Denis se passionne pour son héros. Il essaye de répondre aux questions qu’il se pose : Comment ce dernier apprécié de Goebbels, travaillant pour la UFA et pourtant antinazi peut-il continuer sa carrière sans se compromettre ? Comment peut-il protéger sa nouvelle épouse de la législation antisémite de l’époque ? Et surtout comment va-t-il pouvoir suivre l’éducation de Klaus que sa mère fait entrer aux jeunesses hitlériennes et qui peu à peu, embrassant la carrière du cinéma, va devenir un jeune acteur aryen servant d’icône à l’Allemagne nazie ? Denis trouve des réponses dans le cinéma même de Detlef Sierck, il cache sa vie si tragique derrière son cinéma si mélodramatique aux codes bien rôdés. Là où l’homme est à la peine le cinéaste excelle.
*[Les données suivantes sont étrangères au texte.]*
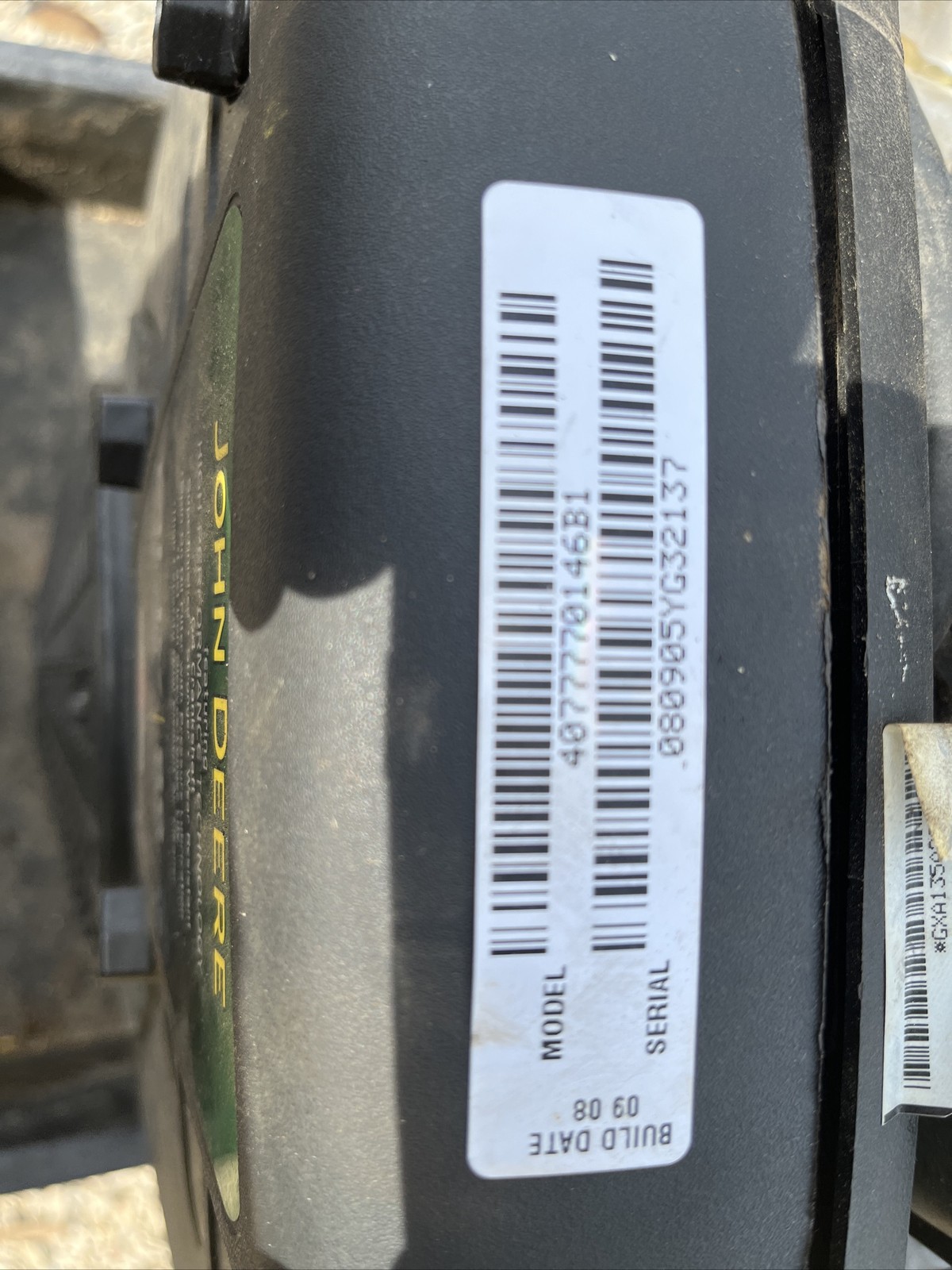 BRIGGS & STRATTON JOHN DEERE 22 HP. G4 ENGINE 407777 437hrs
Mais bientôt la guerre est déclarée. Sierck va devoir s’exiler au Etats-Unis et devenir Sirk. Á Hollywood de nombreux Allemands se sont déjà réfugiés. Il va faire partie de cette intelligentsia immigrée tandis que l’Europe de déchire, la tragédie va le frapper à nouveau : Klaus sera porté disparu.
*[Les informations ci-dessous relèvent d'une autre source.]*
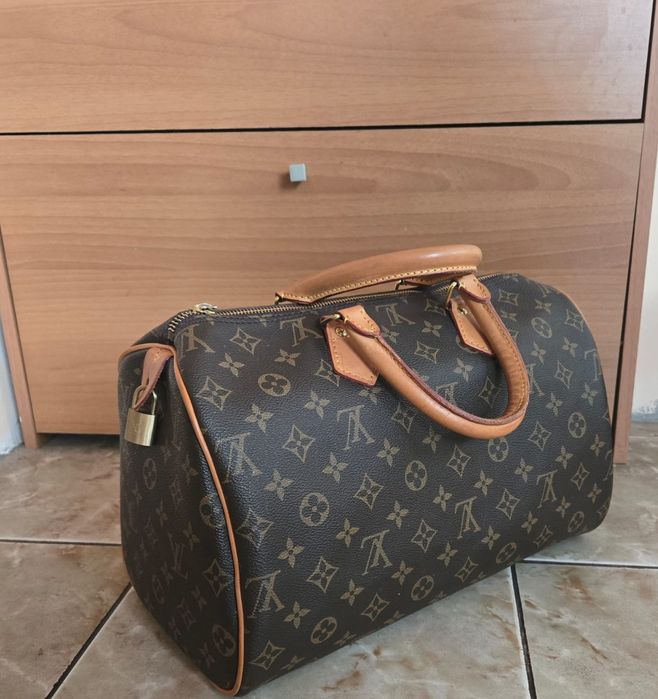 Louis Vuitton естествена кожа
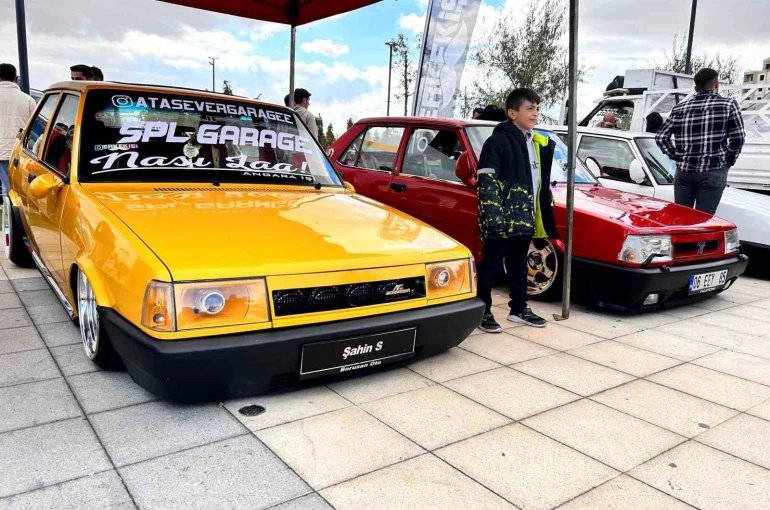 Ankara’da ‘Otomobil Festivali Güzellik ve Desibel Yarışması’ renkli görüntülere sahne oldu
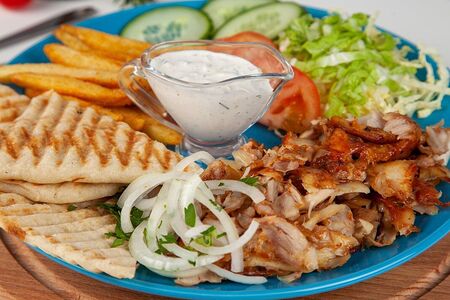 Гирос на тарелке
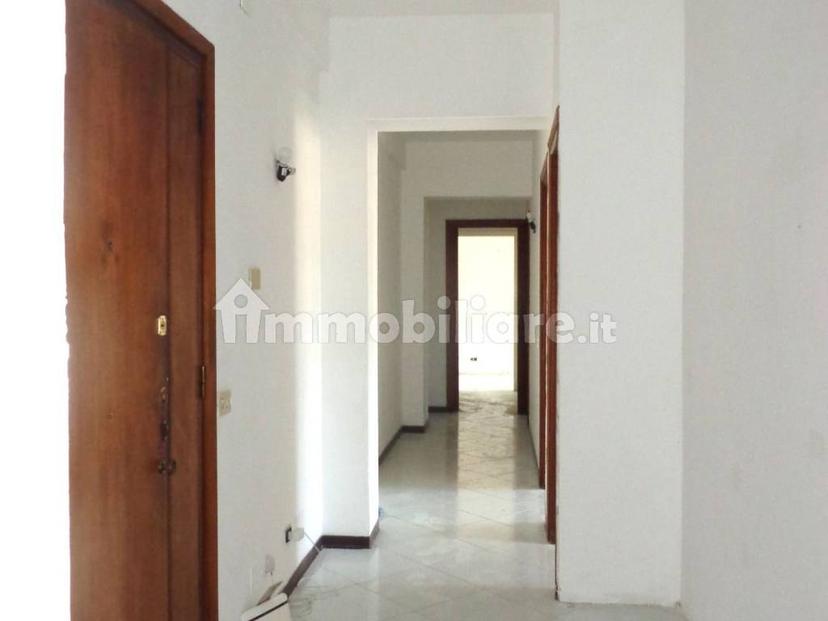 Appartamento via dei Monti di Pietralata, Pietralata, Roma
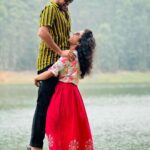 Vishnu Priya Instagram - Pottidhi Gattidhi andoyeeeee 😂🤣 . . 📷: @nikhilvsns 💜💚 . . #couple #couplegoals #hubby #wife #vacation #kerala #munnar #nature #love #photography #photooftheday #instagram #insta #spreadlove #spreadpositivity #sidshnu #subscribe #like #share #comment #vlogs #shorts #keepsupporting #loveyou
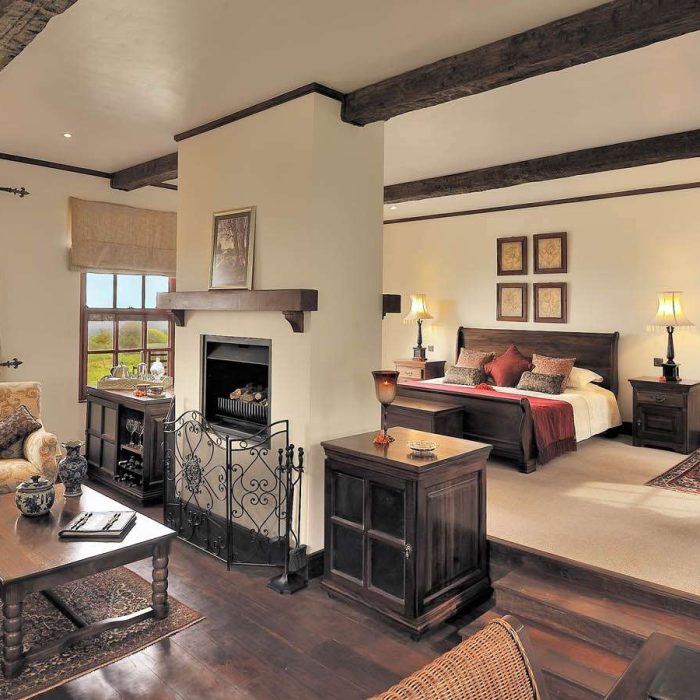 the-manor=401031-300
Rossano nous livre un roman passionnant sur l’auteur de Le temps d’aimer et le temps de mourir, Mirage de la vie. C’est un roman biographique mélodramatique sur le maître du genre au cinéma. Tout ce qui concerne Douglas Sirk est vrai, les histoires de ses femmes et de son fils sont vraies. Derrière la vie de cet homme remarquable se cache le cinéaste hollywoodien de la Universal, créateur de véritables mythes cinématographiques tel que Rock Hudson et John Gavin, peut-être image transcendée de son fils. Á lire !
Jean-Jacques Bretou
Denis Rossano, journaliste et romancier, réside depuis 1996 à Los Angeles, où il a longtemps été correspondant cinéma pour la presse française.